__Work to be completed__
Below are some records; output all of them exactly as they read.

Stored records
--

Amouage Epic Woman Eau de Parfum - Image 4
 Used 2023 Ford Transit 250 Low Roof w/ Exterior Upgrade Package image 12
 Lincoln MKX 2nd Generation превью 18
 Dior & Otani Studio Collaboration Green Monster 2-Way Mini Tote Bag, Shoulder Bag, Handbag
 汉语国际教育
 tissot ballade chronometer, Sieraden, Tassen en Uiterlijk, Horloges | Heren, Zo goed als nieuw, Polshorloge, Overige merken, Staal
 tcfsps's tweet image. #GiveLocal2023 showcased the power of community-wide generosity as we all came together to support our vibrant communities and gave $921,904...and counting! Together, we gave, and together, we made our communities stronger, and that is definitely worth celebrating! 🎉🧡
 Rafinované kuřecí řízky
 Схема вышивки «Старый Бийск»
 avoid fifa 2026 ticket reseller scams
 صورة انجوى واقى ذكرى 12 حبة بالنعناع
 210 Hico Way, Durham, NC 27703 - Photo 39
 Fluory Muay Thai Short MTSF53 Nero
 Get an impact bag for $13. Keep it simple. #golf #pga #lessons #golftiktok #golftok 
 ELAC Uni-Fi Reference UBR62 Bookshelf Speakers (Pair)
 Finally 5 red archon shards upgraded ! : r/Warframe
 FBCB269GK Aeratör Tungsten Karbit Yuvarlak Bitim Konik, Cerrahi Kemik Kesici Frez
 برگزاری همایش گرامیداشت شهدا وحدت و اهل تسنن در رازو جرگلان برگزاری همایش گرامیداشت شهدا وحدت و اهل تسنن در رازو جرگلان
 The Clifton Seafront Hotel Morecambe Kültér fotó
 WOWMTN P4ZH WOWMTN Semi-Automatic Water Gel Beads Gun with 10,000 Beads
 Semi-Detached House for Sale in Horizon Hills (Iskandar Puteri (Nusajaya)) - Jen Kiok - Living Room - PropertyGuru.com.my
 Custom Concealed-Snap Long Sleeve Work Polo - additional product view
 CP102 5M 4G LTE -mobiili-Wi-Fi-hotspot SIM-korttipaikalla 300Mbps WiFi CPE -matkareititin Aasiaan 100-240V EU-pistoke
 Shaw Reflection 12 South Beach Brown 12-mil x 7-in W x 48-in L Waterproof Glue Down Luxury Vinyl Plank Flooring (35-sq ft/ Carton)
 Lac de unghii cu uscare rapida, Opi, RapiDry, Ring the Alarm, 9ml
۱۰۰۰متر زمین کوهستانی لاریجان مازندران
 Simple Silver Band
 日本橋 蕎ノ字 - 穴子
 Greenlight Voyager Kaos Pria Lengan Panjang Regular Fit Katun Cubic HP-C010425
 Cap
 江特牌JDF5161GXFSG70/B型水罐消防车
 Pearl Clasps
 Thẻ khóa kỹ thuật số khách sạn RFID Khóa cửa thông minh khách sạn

--

__Response__
Amouage Epic Woman Eau de Parfum - Image 4
 Used 2023 Ford Transit 250 Low Roof w/ Exterior Upgrade Package image 12
 Lincoln MKX 2nd Generation превью 18
 Dior & Otani Studio Collaboration Green Monster 2-Way Mini Tote Bag, Shoulder Bag, Handbag
 汉语国际教育
 tissot ballade chronometer, Sieraden, Tassen en Uiterlijk, Horloges | Heren, Zo goed als nieuw, Polshorloge, Overige merken, Staal
 tcfsps's tweet image. #GiveLocal2023 showcased the power of community-wide generosity as we all came together to support our vibrant communities and gave $921,904...and counting! Together, we gave, and together, we made our communities stronger, and that is definitely worth celebrating! 🎉🧡
 Rafinované kuřecí řízky
 Схема вышивки «Старый Бийск»
 avoid fifa 2026 ticket reseller scams
 صورة انجوى واقى ذكرى 12 حبة بالنعناع
 210 Hico Way, Durham, NC 27703 - Photo 39
 Fluory Muay Thai Short MTSF53 Nero
 Get an impact bag for $13. Keep it simple. #golf #pga #lessons #golftiktok #golftok 
 ELAC Uni-Fi Reference UBR62 Bookshelf Speakers (Pair)
 Finally 5 red archon shards upgraded ! : r/Warframe
 FBCB269GK Aeratör Tungsten Karbit Yuvarlak Bitim Konik, Cerrahi Kemik Kesici Frez
 برگزاری همایش گرامیداشت شهدا وحدت و اهل تسنن در رازو جرگلان برگزاری همایش گرامیداشت شهدا وحدت و اهل تسنن در رازو جرگلان
 The Clifton Seafront Hotel Morecambe Kültér fotó
 WOWMTN P4ZH WOWMTN Semi-Automatic Water Gel Beads Gun with 10,000 Beads
 Semi-Detached House for Sale in Horizon Hills (Iskandar Puteri (Nusajaya)) - Jen Kiok - Living Room - PropertyGuru.com.my
 Custom Concealed-Snap Long Sleeve Work Polo - additional product view
 CP102 5M 4G LTE -mobiili-Wi-Fi-hotspot SIM-korttipaikalla 300Mbps WiFi CPE -matkareititin Aasiaan 100-240V EU-pistoke
 Shaw Reflection 12 South Beach Brown 12-mil x 7-in W x 48-in L Waterproof Glue Down Luxury Vinyl Plank Flooring (35-sq ft/ Carton)
 Lac de unghii cu uscare rapida, Opi, RapiDry, Ring the Alarm, 9ml
۱۰۰۰متر زمین کوهستانی لاریجان مازندران
 Simple Silver Band
 日本橋 蕎ノ字 - 穴子
 Greenlight Voyager Kaos Pria Lengan Panjang Regular Fit Katun Cubic HP-C010425
 Cap
 江特牌JDF5161GXFSG70/B型水罐消防车
 Pearl Clasps
 Thẻ khóa kỹ thuật số khách sạn RFID Khóa cửa thông minh khách sạn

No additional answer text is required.